Это не парадный Париж, не Париж, приводящий в восторг туристов, и не рабочие предместья; это Париж монмартрских, расходящихся вкривь и вкось, вверх и вниз, улиц. Париж упирающихся в небо рыжих и красных крыш, Париж вздыбленных мостов, по которым то и дело с грохотом проносятся поезда метро, в общем, это обыденный Париж, написанный с любовью, а иногда и с добродушной иронией, написанный по-своему, в неоэкспрессионистской манере и, конечно, с какими-то предметами, вынесенными по-рабиновски на передний план: тут и бутылка вина, и столь любимый французами сыр, скрипка и стофранковая банкнота, герб (три лошади) мясной лавки, и много чего другого, что отыскал для себя в Париже Рабин, отыскал и почувствовал и придал этим обыденным предметам, опять же по-своему, новый смысл.
Нужно сказать, что очень помог Оскару Рабину в раскрытии образа Парижа, свободной интерпретации его... Нью-Йорк, где художник побывал осенью 1984 года в связи с проходившей в Музее современного русского искусства в Джерси-Сити его персональной ретроспективной выставкой. Я, да и не я один, давно говорили Рабину, что Нью-Йорк — его город, что ему наверняка захочется писать этот огромный, контрастный, динамичный, полный экспрессии, разнообразный мир. Но даже я не ожидал, что желание работать, писать, придет к Рабину сразу, чуть ли не в первый же день его приезда сюда. До открытия выставки он успел написать два холста, которые были на ней представлены, и я помню, как художник Владимир Григорович мне сказал: «Эти картины Рабина более раскованы, чем парижские, в них больше российского неистового Рабина». И сам Оскар Рабин впоследствии признался: «Нью-Йорк оказался мне очень близок, и главное, он раскрепостил меня, позволил свободнее писать и Париж».
В последних картинах Рабина его Париж стал еще более выразительным, еще более интенсивным по цветовой гамме, и вновь на некоторых полотнах появились персонажи, то есть и в выборе символов художник почувствовал себя свободнее.
А теперь, когда найден, открыт, понят, почувствован Париж, когда он пишется, как свой, как родной город, время от времени на холстах Оскара Рабина появляется Россия, обычно деревенские пейзажи, написанные в мягких тонах, словно пастелью, Россия не та, официальная, государственная, которая отринула его от себя, а Россия-земля, Россия-мать, память о которой живет в сердце художника.
Французский искусствовед Николь Ламот писала в парижском журнале «L'Amateur d'Art»: «Искусство Рабина не может оставить равнодушным, ибо несет в себе не только мощный эмоциональный заряд, но и чувственно-яркую остроту восприятия... В его отлично сконструированных композициях свет нередко появляется откуда-то из-за горизонта, что придает изображению почти мистический, исполненный драматизма характер.
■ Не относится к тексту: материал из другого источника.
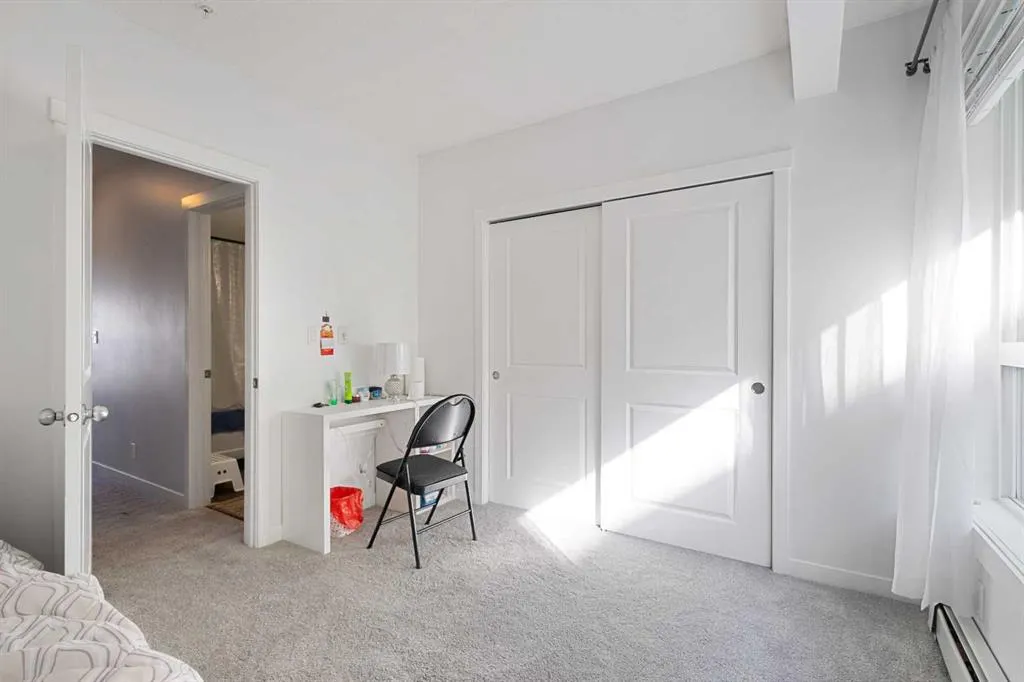 1740 9 Street NW #106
В целом исполнительная манера этого художника ближе всего к экспрессионистической, однако никаким влияниям его живопись никогда не подвергалась. Она очень своеобразна и какими-то невидимыми нитями связана с Россией. Некоторые полотна Рабина освещены удивительной поэзией. Такова чудесная композиция «Монмартр», выполненная в сероватом колорите с грустными домами и потрескавшимися стенами, излучающими теплый, печальный свет. Художник сумел уловить и передать на полотне очарование этого старинного парижского квартала. И такой он, Рабин, во всем — сильный, притягательный и необычный».
Из книги: Александр Глезер "Русские художники на Западе"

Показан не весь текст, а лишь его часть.